L'exemple du christianisme, plus connu dans le monde occidental, présente, avec une certaine force, cet aspect très important du témoignage dans l'origine et dans le développement de la religion. Tout d'abord, Jésus-Christ, en tant qu'il peut être considéré comme le fondateur ou l'initiateur de la religion chrétienne, se présente comme le témoin direct et fidèle du père, qu'il contemple dans son éternité, puisqu'il bénéficie d'une relation intime avec lui dont il est le propre Fils, puisqu'il est Dieu lui-même. Les apôtres qui furent les disciples les plus proches de Jésus de Nazareth, au cours de son existence humaine et surtout au cours de son activité prophétique, sont les témoins directs de l'oeuvre qu'il a entreprise et menée à bien pour le salut de l'humanité tout entière. Les premiers évêques, successeurs des apôtres, sont à leur tour des témoins : ils ont vu, ils ont entendu, ils ont connu les apôtres et ils annoncent, dans leur propre prédication, le témoignage qu'ils ont eux-mêmes reçu des apôtres. Les fidèles, de toutes les générations et sous toutes les latitudes, sont les témoins de la grande prédication venue des apôtres et qui se transmet par les évêques, sous le signe de la grande tradition de l'Eglise chrétienne, car la tradition trouve toute sa puissance dans le fait même qu'elle est elle-même l'illustration du témoignage perpétuel rendu à ce qui est la nonne constitutive de toute la foi.

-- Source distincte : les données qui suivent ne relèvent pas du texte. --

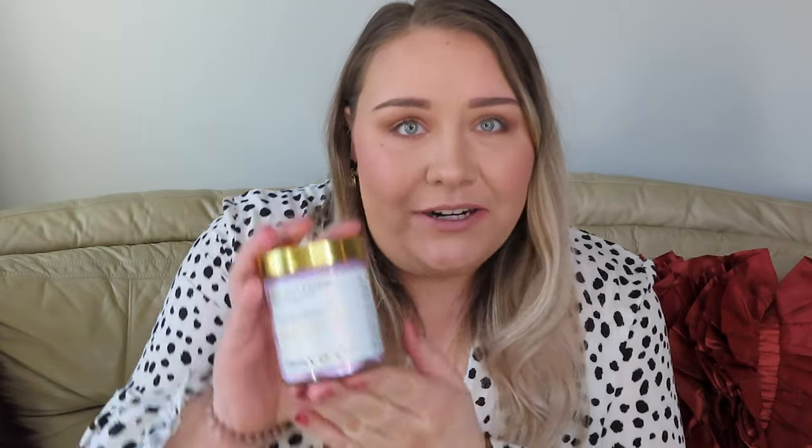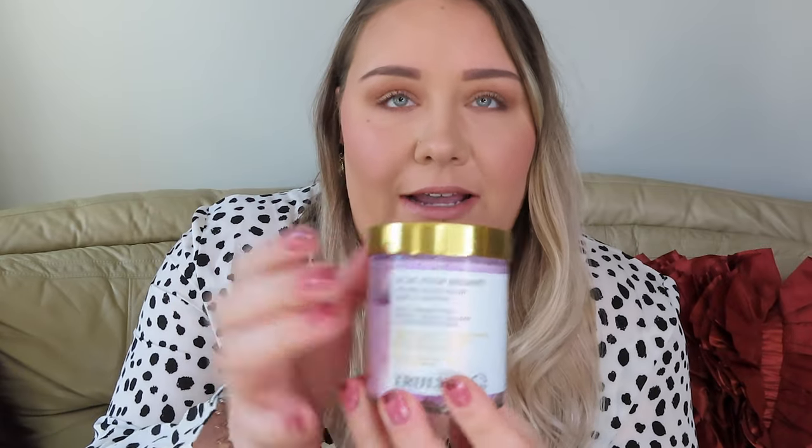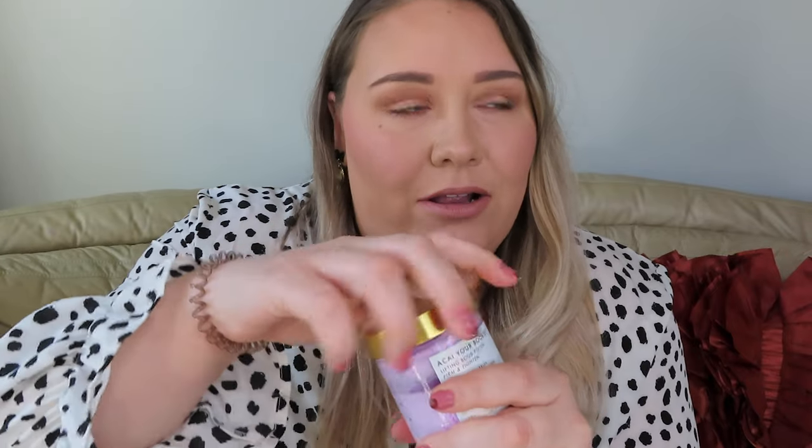Without further ado, let's hop right into it so I can share my honest opinion. We're going to start with the Acai Your Boobies line — the branding and titles of these products are just so brilliant and creative. The first product is the Acai Your Boobies Lifting Boob Polish. The packaging is so luxe — a glass container with a heavy metal lid. When you smell this it smells like a fruity oasis, like something you'd want to just dip your finger in and eat.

En effet, la tradition n'est rien d'autre que la transmission du message originaire dans toute sa pureté, même si elle n'est pas inactive. La tradition est témoignage vivant, qui s'enrichit sans cesse de nouveaux apports, puisqu'elle est le témoignage du passé dans le temps présent, mais en même temps le témoignage de l'avenir comme une éternelle jeunesse de la foi.

Certes, à propos de la tradition, dans toutes les religions, les tendances les plus extrêmes s'opposent chaque fois qu'une des dimensions temporelles (passé-présent-avenir) de cette forme de témoignage est omise. La tradition étant la prise de conscience du passé contenu dans le présent, en même temps que la prise de conscience de l'avenir suscité dans la réalité même du présent, certains esprits, même parmi ceux qui peuvent être considérés comme les plus religieux ont parfois tendance à se fixer sur l'un ou l'autre aspect. C'est ainsi que certains sont plus portés à ne rechercher que les promesses d'avenir elles-mêmes contenues déjà dans le passé, promesses qui empêchent toute forme de sclérose dans la transmission de la foi, tandis que d'autres sont plus attentifs à rechercher dans le présent les signes du passé qui attestent la fidélité à la foi des anciens. Chaque religion connaît cette tension permanente entre ce qu'il est convenu d'appeler les conservateurs et les progressistes : les premiers s'attachent h la survie du passé, comme à la forme même qui permet d'échapper à toutes les déviations, et les seconds se fient essentiellement à l'espérance qui est suscitée par l'avenir, comme à la forme même qui évite le repli sur soi et la fermeture de la religion. Pour demeurer elle-même un témoignage vivant, il importe que la tradition authentique regroupe tous ces aspects, en admettant des interprétations elles-mêmes parfois différentes, mais qui doivent toujours permettre aux croyants de saisir, de manière plus profonde et plus authentique, tout le mystère de la foi, telle qu'elle est proposée dans la révélation même de Dieu, soit par les phénomènes cosmiques, soit par une révélation plus personnelle.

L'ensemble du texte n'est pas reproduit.